Divagar

É verão e a chuva cai intervalada, sempre calma e volumosa. Extremamente fiel e necessária. Traz alívio, beleza e a perspectiva de que a terra vai continuar produzindo frutas, frutos, flores. Além disso, enche a tarde de nuvens cinzas, espessas, que convidam a gente à introspecção, ao delicioso ato de divagar.

A minha casa é toda cercada por árvores: tem goiaba, seringuela, poncã. É um verdadeiro observatório com todos os recursos para que a divagação pegue nas asas amarelas das borboletas e decole.

Nessa tarde úmida de verão, junto à movimentada melissa, que é vizinha da poncã, onde se abriga a doentia orquídea, as borboletas, amarelas, com muitas pintas, dançavam harmoniosamente com tanta beleza, com tanta vida, com tanto mistério que fiquei completamente envolvida. Meu Deus! Como é bom observar, e divagar, acerca do papel de cada um nesse universo maravilhoso!

É certo que o capitalismo ofende e distorce a tudo o que realmente faz sentido, ao que abriga valor e identificação, mas o momento é esse. E se há um momento determinado para as chuvas chegarem, as borboletas dançarem e os frutos amadurecerem, certamente há uma razão para que nós, os racionais, vivamos em um sistema como o atual.

O que incomoda, na verdade, é a ausência de valor. E isso nos diversos sentidos que o termo valor possui.

Imagino que seria bem legal se tivéssemos uma nova ordem social cuja fundação se estruturasse em atitudes encharcadas de valores. Valores éticos, por favor.

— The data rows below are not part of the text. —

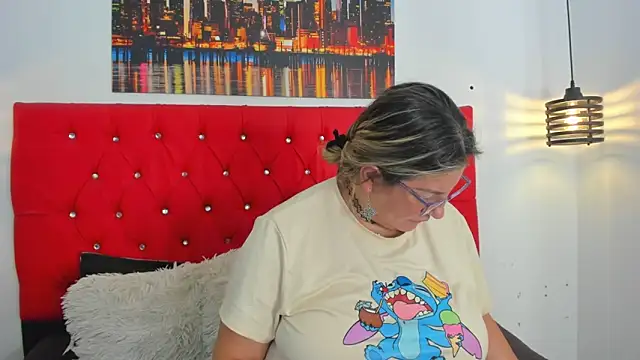 carolinacrus01 online show from February 23, 3:20 pm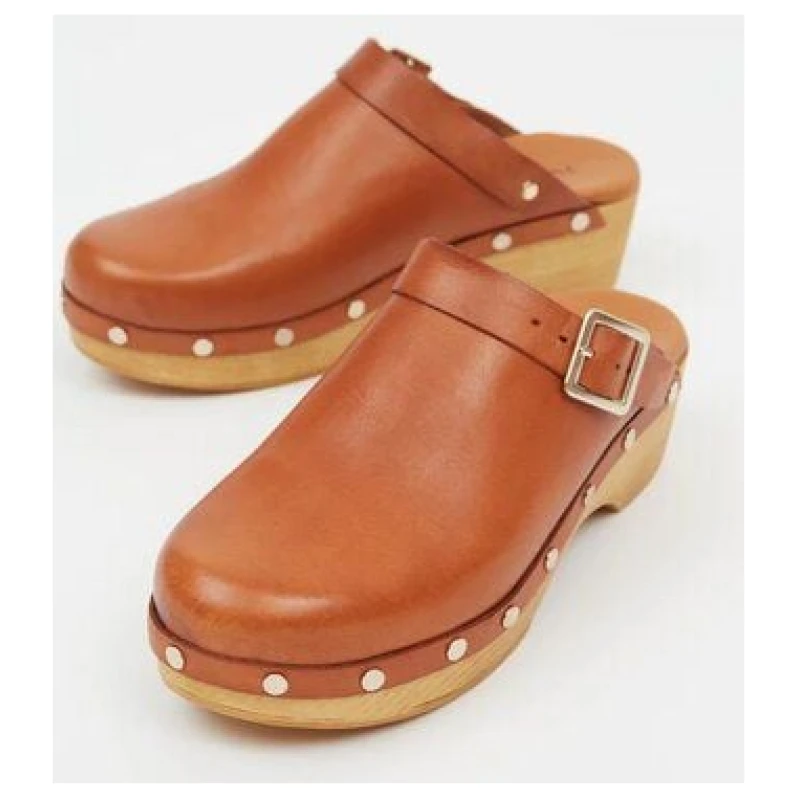 Jutelaune Clogs Schlüpfschuh cognac braun mit goldenen Nieten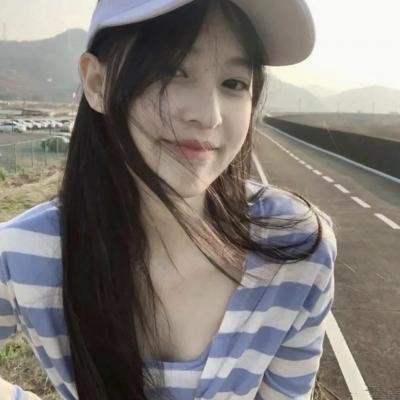 我的同桌是校花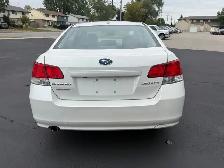 2014 Subaru Legacy 2.5i w/Limited &amp.amp. EyeSight Pkg 4dr Sdn - Photo 4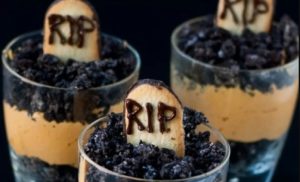 Вкусный Хэллоуин -2020: милые, жуткие и легкие в приготовлении трайфлы -“могилки”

Nada de sair cedo de casa, levando o bebê para o maternal, ansiosamente plugado ao celular, ao som de uma música absurdamente vazia de qualquer beleza para garantir a sobrevivência, para manter a alienação. Nem pensar na possibilidade de compartilhar um mesmo ambiente sem que a gentileza seja a ordem primeira do convívio. Dentre nós, a espontaneidade e a liberdade delimitadas tão somente pelo sentimento intrínseco de respeito a toda criação e ao Criador, são o que garantem a beleza singular que cada um naturalmente possui.

Bom, a goiabeira, abundante em frutos, alimenta os pássaros que, por sua vez, retribuem com os mais diversos cantos e cores. Gentileza, liberdade, oportunidade, trabalho em perfeita harmonia parecem fazer parte apenas da rotina daqueles que permaneceram submetidos às leis universais de tempo e oficio, o que, definitivamente, não aconteceu com nossa espécie.